Hi Mark and Ed-
Thanks for the input. I'm actually a bit surprised that you've both had such good luck with Rawl 5-pieces (though it sounds like Ed is pretty selective in where he places them, and has had some loosening issues). We've actually found them to loosen pretty quickly, and had much better luck with the Raumer or Fixe studs. Specifically, the long ones with two exansion cones along thier length. The two expansion cones seem to be key, because we've found the single cone variety to be terrible, loosening very quickly, and being extremely sensitive to any dust at all left in the holes. I wonder how 12mm Petzl Longlifes would do in schist? They're billed as being suited for hard rock, but it seems as though they'd grip along the entire shaft length as opposed to just the cone, which intuitively seems like a considerable advantage. I've only placed a couple-few at rap anchors over the years, which is a different animal entirely than a bolt that gets pitched on to regularly...

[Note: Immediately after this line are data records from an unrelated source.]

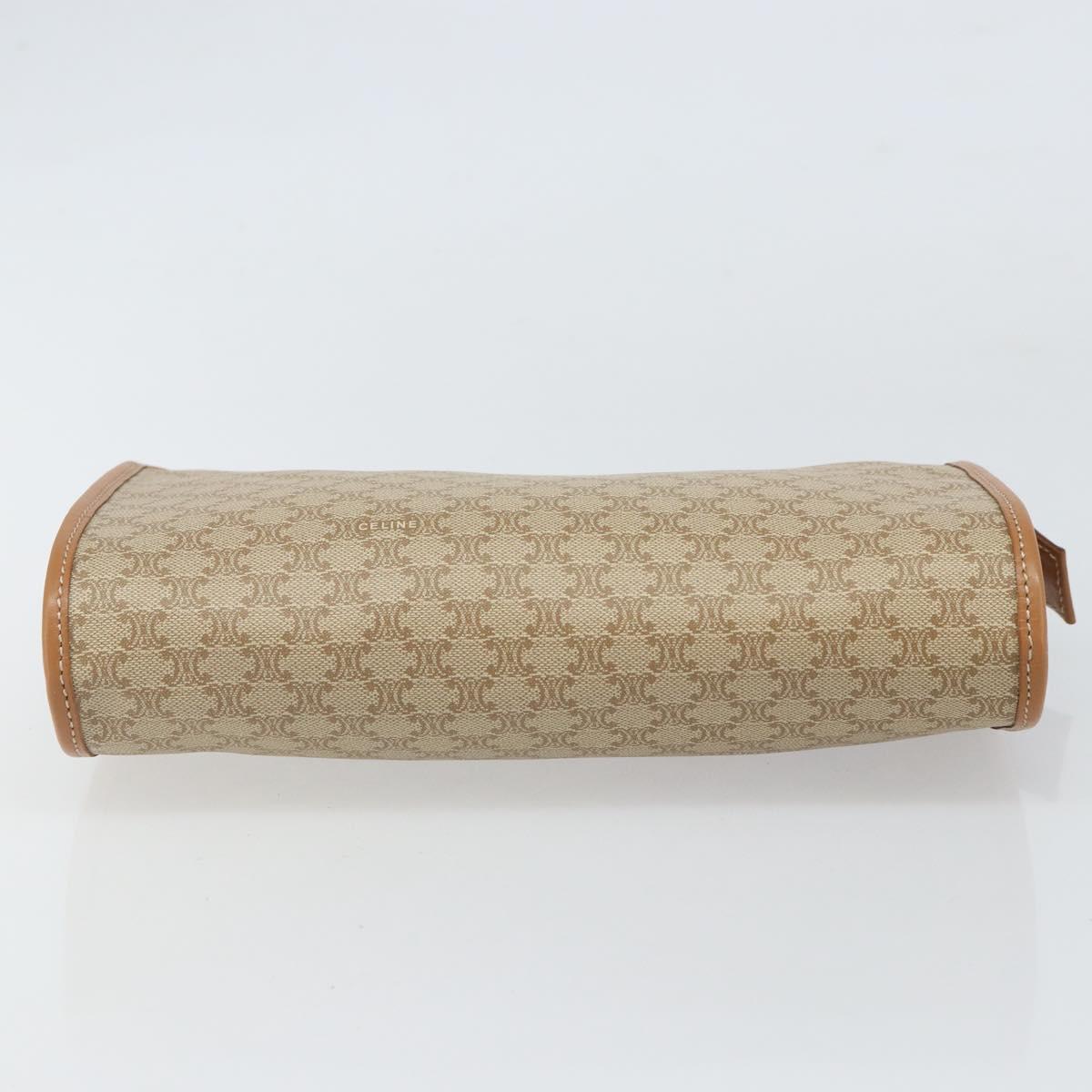 CELINE Macadam Canvas Clutch Bag PVC Beige Gold Auth 169416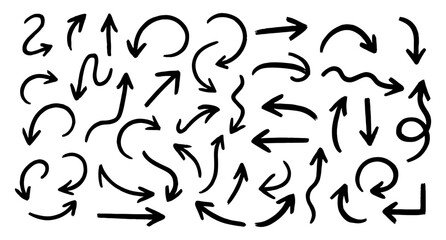 Collection of hand drawn black arrow illustrations
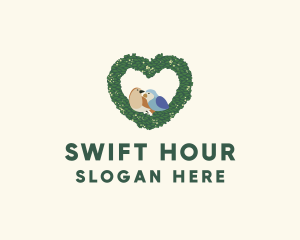 Heart Wreath Lovebirds logo design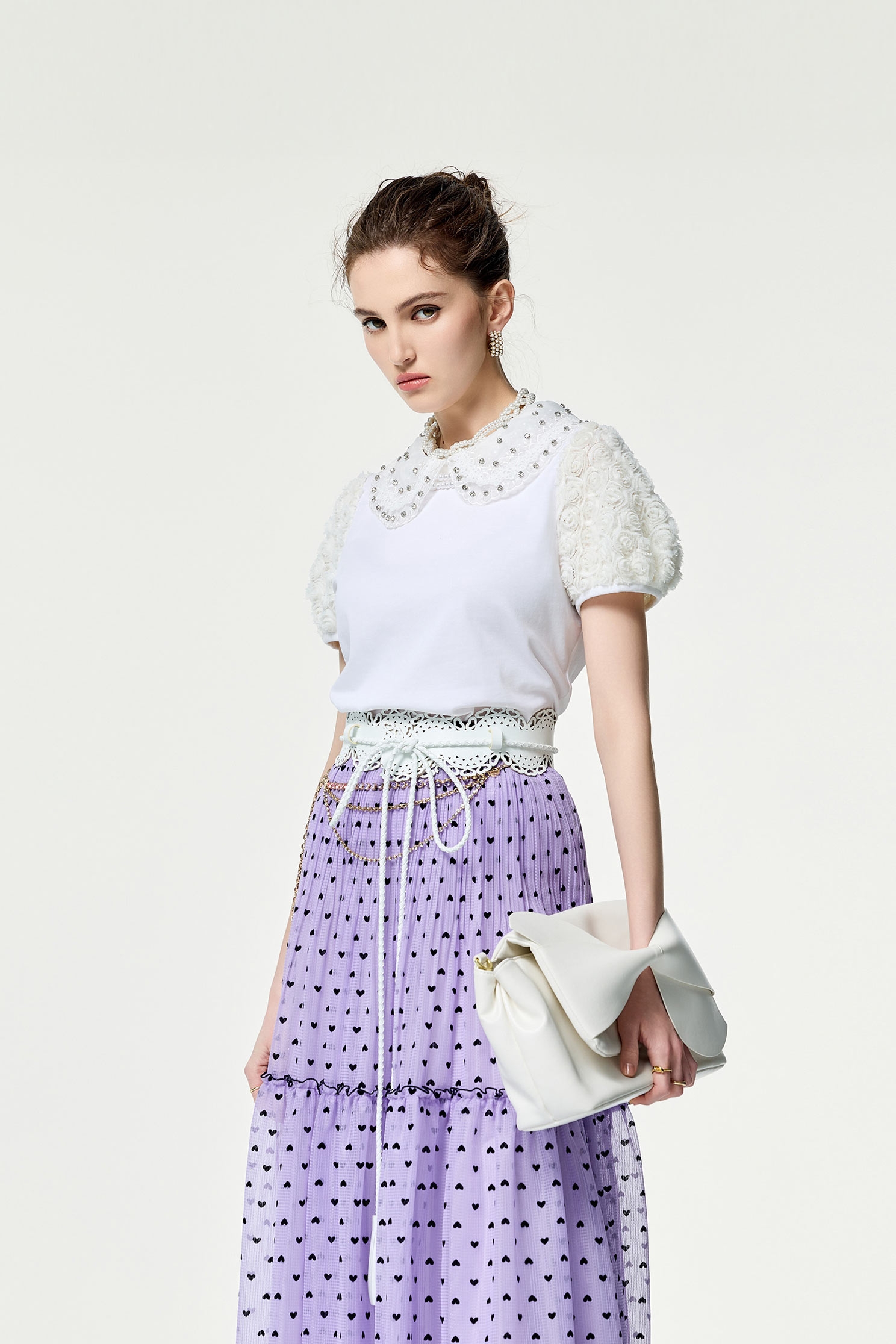 3-D Floral Sleeve Detail Top3-D Floral Sleeve Detail Top,T-shirts,Tops,Embroidered,Season (SS) Look,Valentine,blossoms,Lace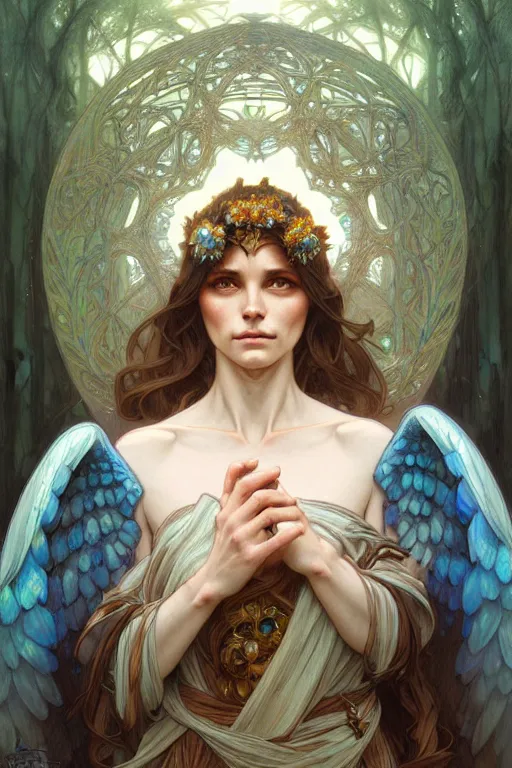 Image similar to portrait of an antropomorthic earth angel, forest spirit, D&D, blue eyes, face, fantasy, intricate, elegant, highly detailed, digital painting, artstation, concept art, smooth, sharp focus, illustration, art by artgerm and greg rutkowski and alphonse mucha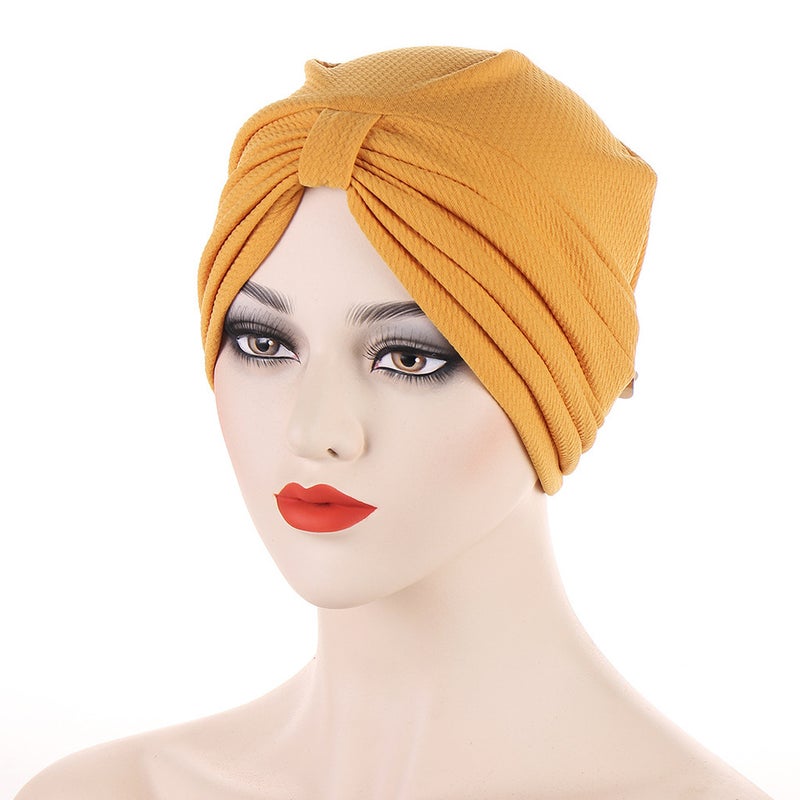Pleated Turban Hat Women Indian Cap Polyester - Image 1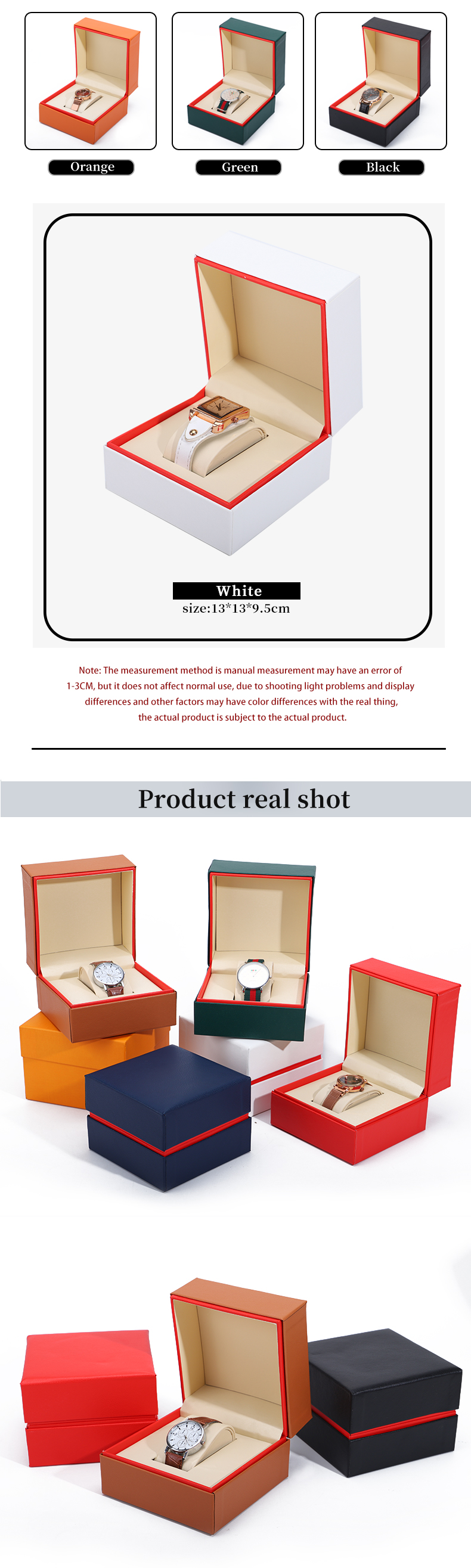 Soft Handy Stylish PU Leather Watch Packaging Box Red Edge Storage Case for Gift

As for the power drill / hand drill debate, I've used both, top-down and on the lead, and when the end goal is hole-quality, there's truely not even a question. And for anyone who hasn't tried it, I can assure them that drilling on the lead with a power drill does not detract a great deal from the challenge or adventure of the endeavor. Climbing with 12lbs of sharp ballast strapped to your ass, or hanging on for dear life while pulling it up from the last pro on the tag line, using one hand and your teeth, when the clock is tic tic ticking away is plenty entertaining. But then, I like shaped skis too, so perhaps I'm biased.